OpenVPN client running, but GUI does not find it

phil.davis

I am getting a situation where an OpenVPN site-to-site client is up and running (I am accessing the client site from the server site across the VPN, so it really is working). But the GUI displays "Unable to contact daemon Service not running?" and the services status shows the client process is stopped. This happens for "seemingly random" clients, but it is more frequent for client-server pairs that have less-reliable links (i.e. they are restarting/renegotiating etc multiple times a day).
Here are the processes on a system with 2 clients (going to 2 main offices):

ps aux | grep open
root    7248  0.0  1.9  6456  4508  ??  Ss    2:04PM   0:01.76 /usr/local/sbin/openvpn --config /var/etc/openvpn/client1.conf
root   79874  0.0  2.2  7480  5208  ??  RNs  Thu04PM   1:14.39 /usr/local/sbin/openvpn --config /var/etc/openvpn/client2.conf

But the PID files for the processes are:

> ls -l /var/run/open*
-rw-r--r--  1 root  wheel  5 Jul 29 14:04 /var/run/openvpn_client1.pid
-rw-r--r--  1 root  wheel  5 Jul 29 14:06 /var/run/openvpn_client2.pid
> cat openvpn_client1.pid
7248
cat openvpn_client2.pid
2755

Client1 got recently restarted successfully - client1 PID file is new and matches the actual process Id.
Client2 has an old process that is running fine.
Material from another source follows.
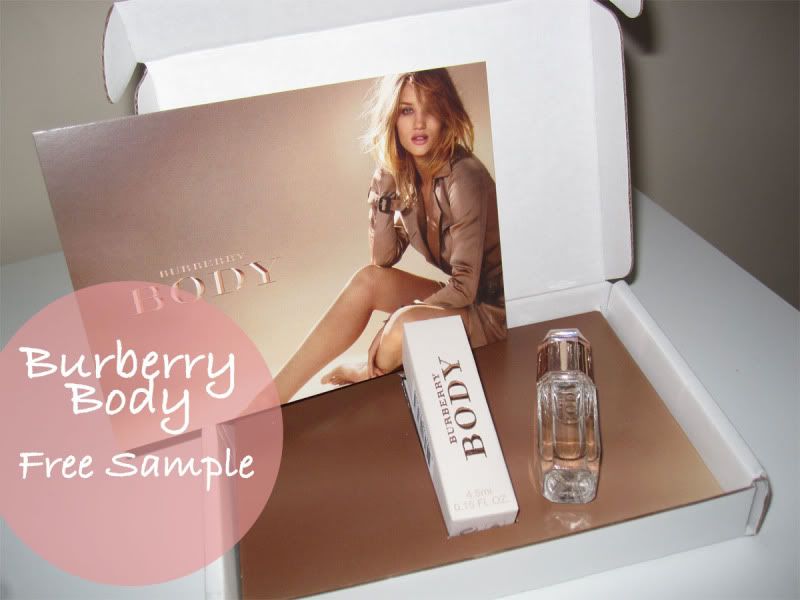 Burberry Body Sample KatieWrites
Somewhere in the past, a new PID file has been written, and presumably a new client2 process attempted to start. But I guess the old process was still there, running happily, and never got stopped. So the new process would have exited, but leaving that new PID file behind.
The way to recover the status is:
a) modify /var/run/openvpn_client2.pid to contain the correct PID of the (old) running process. Now status-services shows the process green, but the message "Unable to contact daemon Service not running?" still comes on OpenVPN Status.
b) Restart the OpenVPN client from Status-Services. It stops the running process and cleanly starts a new one. Now all the GUI status is good (and the VPN link is working for users, like it always was)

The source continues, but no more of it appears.